The stages of my life.
Last night, as I was falling asleep, I was thinking back upon my life. As with so many others, life has been difficult. When I think of all that has happened, it does not seem possible that all of this could occur for only one person. It seems surreal. It seems as if it was not me. It feels as if it were a dream.
As I drifted off to sleep, I thought, “it all feels very unreal.” I heard a voice say, “it is not reality.” It might have been John but I am not sure about this. Does it really matter who said it?
It sometimes feels as if being John’s mother is not real. As if three out of four of my pregnancies were not real. My young adult and childhood years feel as if they did not happen. It is as if they were a movie I had watched about someone else.
Who was that sad little girl? Who was that brooding teenager? Who was that young single mom?
The person I am now seems very different from those people. They appear to have nothing to do with the middle aged woman of now. But is this true?
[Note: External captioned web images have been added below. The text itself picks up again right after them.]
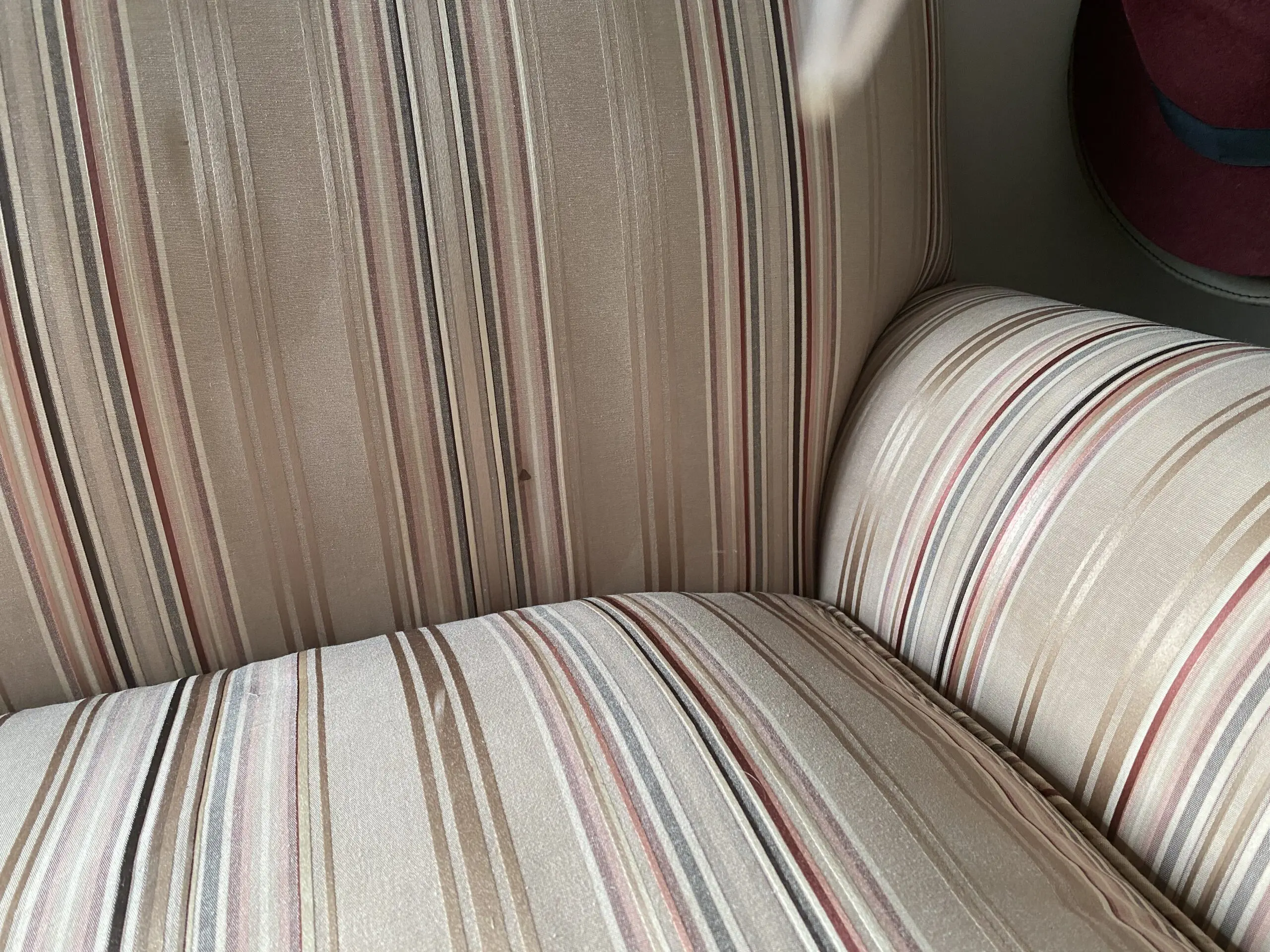 Edwardian upholstered sofa.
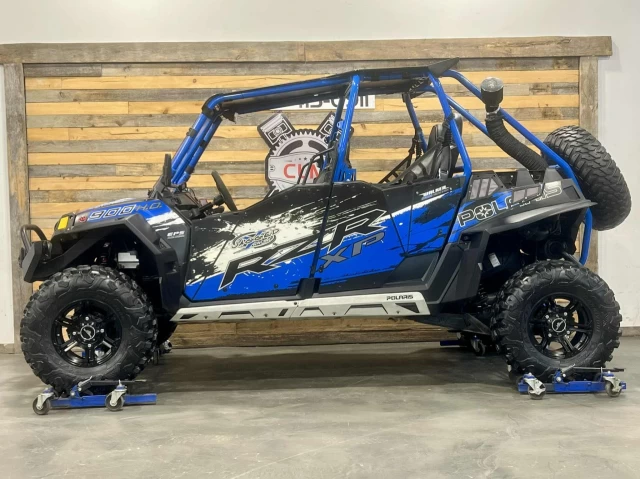 POLARIS RZR4 XP 900 EFI EDITION SPECIALE JAGGED X RACING + 4X4 + EPS + 4 PASSAGERS  2013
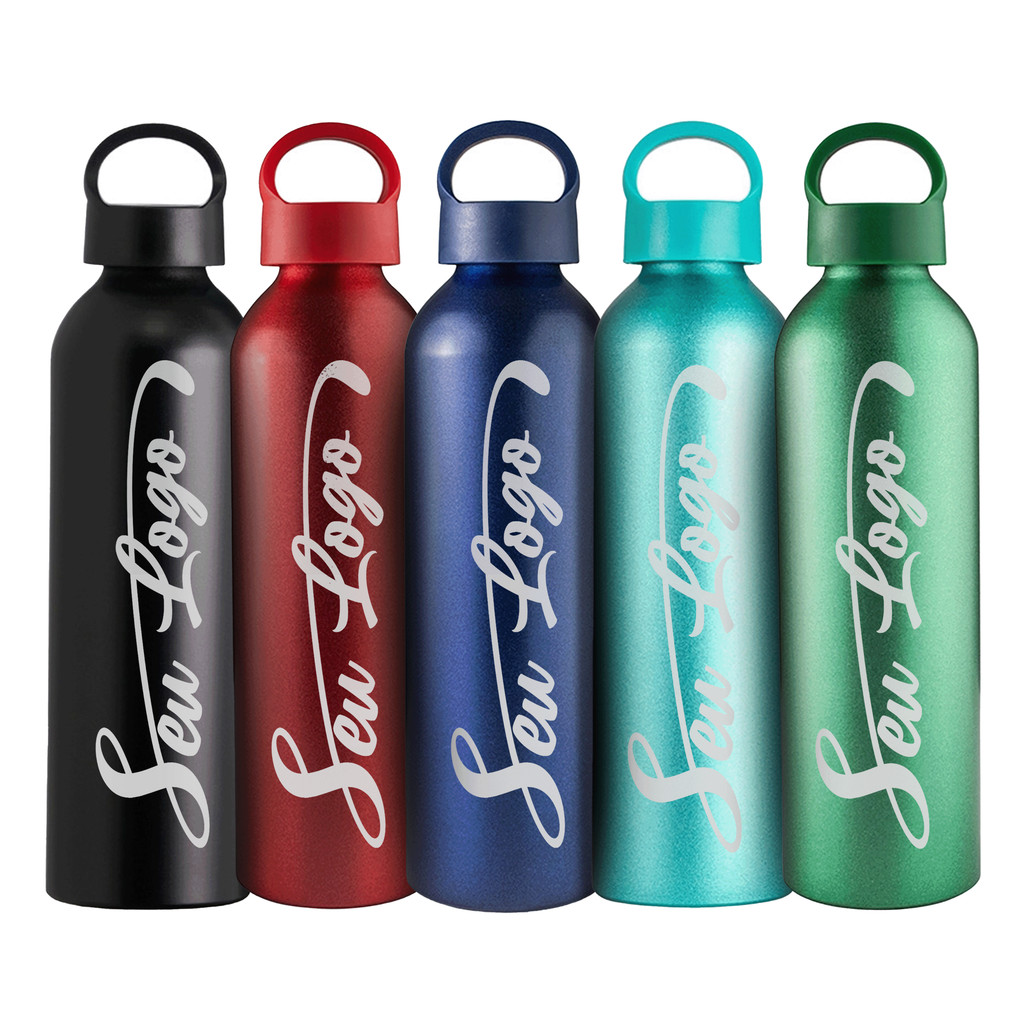 Garrafa Squeeze 630ml com Alça Integrada Personalizada com Nome ou Logo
We are constantly changing: physically, Spiritually, emotionally. If we are not changing, we are not growing. We are stagnant like unclean water. There is no point in being here if we are not changing. Are not growing.
The truth is that although all those different stages of my life did not seem like me, felt as if they did not really happen, they were me and it did happen. I am very different now but all those different stages lead to where I am now. Like previous incarnations, they drew me here.
Although there are those who would disagree, I am more the true essence of me than I was in the past. We play these roles in our lives in order to grow. To improve. To expand.
No, this is not the true reality. We cannot see this now; however, once in the Spirit Realm, we will see that there is the true reality. This is merely a play…a game.